ACTION ITEM: Print the listing in full, keeping every line exactly as it is.

EXTRACTED ENTRIES:
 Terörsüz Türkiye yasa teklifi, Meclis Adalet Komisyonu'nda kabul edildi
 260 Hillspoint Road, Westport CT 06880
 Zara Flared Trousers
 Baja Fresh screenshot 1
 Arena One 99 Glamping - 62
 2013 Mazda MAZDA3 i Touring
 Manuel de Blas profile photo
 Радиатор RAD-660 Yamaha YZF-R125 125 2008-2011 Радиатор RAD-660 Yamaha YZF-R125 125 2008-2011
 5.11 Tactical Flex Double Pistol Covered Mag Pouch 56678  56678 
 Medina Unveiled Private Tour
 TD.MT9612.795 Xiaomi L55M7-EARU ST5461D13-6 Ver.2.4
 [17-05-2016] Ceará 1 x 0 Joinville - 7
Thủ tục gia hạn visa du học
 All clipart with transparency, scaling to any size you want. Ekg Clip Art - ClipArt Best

RESPONSE:
 Terörsüz Türkiye yasa teklifi, Meclis Adalet Komisyonu'nda kabul edildi
 260 Hillspoint Road, Westport CT 06880
 Zara Flared Trousers
 Baja Fresh screenshot 1
 Arena One 99 Glamping - 62
 2013 Mazda MAZDA3 i Touring
 Manuel de Blas profile photo
 Радиатор RAD-660 Yamaha YZF-R125 125 2008-2011 Радиатор RAD-660 Yamaha YZF-R125 125 2008-2011
 5.11 Tactical Flex Double Pistol Covered Mag Pouch 56678  56678 
 Medina Unveiled Private Tour
 TD.MT9612.795 Xiaomi L55M7-EARU ST5461D13-6 Ver.2.4
 [17-05-2016] Ceará 1 x 0 Joinville - 7
Thủ tục gia hạn visa du học
 All clipart with transparency, scaling to any size you want. Ekg Clip Art - ClipArt Best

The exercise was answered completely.